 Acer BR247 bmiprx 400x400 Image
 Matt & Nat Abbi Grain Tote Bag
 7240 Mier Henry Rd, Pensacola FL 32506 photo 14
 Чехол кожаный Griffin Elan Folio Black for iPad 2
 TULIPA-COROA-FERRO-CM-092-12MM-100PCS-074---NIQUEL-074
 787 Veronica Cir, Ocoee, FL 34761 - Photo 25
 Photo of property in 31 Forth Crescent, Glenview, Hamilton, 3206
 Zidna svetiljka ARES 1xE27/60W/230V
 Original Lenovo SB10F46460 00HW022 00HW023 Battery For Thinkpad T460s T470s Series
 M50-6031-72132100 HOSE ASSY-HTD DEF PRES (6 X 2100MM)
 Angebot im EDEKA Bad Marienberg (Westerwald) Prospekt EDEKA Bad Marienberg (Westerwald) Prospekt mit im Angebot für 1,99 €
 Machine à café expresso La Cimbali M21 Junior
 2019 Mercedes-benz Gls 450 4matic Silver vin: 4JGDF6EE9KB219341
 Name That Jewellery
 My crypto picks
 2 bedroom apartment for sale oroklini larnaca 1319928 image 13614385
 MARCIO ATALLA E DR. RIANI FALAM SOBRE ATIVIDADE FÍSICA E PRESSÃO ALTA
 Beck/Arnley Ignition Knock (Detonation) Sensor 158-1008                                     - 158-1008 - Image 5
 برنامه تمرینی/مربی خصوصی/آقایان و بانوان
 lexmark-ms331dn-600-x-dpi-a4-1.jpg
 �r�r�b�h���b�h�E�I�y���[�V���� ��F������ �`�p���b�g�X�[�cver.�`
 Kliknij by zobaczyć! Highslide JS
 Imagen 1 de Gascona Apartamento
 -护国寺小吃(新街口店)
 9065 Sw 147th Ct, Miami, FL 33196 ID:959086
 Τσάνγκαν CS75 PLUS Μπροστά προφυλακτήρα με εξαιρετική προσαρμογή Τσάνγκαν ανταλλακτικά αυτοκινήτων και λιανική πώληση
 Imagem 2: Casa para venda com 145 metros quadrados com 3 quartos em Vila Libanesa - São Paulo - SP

What you are asked to do - Go through the data above from its first line and copy each line exactly, stopping once the line with "M50-6031-72132100 HOSE ASSY-HTD" has been copied.

Task result -
 Acer BR247 bmiprx 400x400 Image
 Matt & Nat Abbi Grain Tote Bag
 7240 Mier Henry Rd, Pensacola FL 32506 photo 14
 Чехол кожаный Griffin Elan Folio Black for iPad 2
 TULIPA-COROA-FERRO-CM-092-12MM-100PCS-074---NIQUEL-074
 787 Veronica Cir, Ocoee, FL 34761 - Photo 25
 Photo of property in 31 Forth Crescent, Glenview, Hamilton, 3206
 Zidna svetiljka ARES 1xE27/60W/230V
 Original Lenovo SB10F46460 00HW022 00HW023 Battery For Thinkpad T460s T470s Series
 M50-6031-72132100 HOSE ASSY-HTD DEF PRES (6 X 2100MM)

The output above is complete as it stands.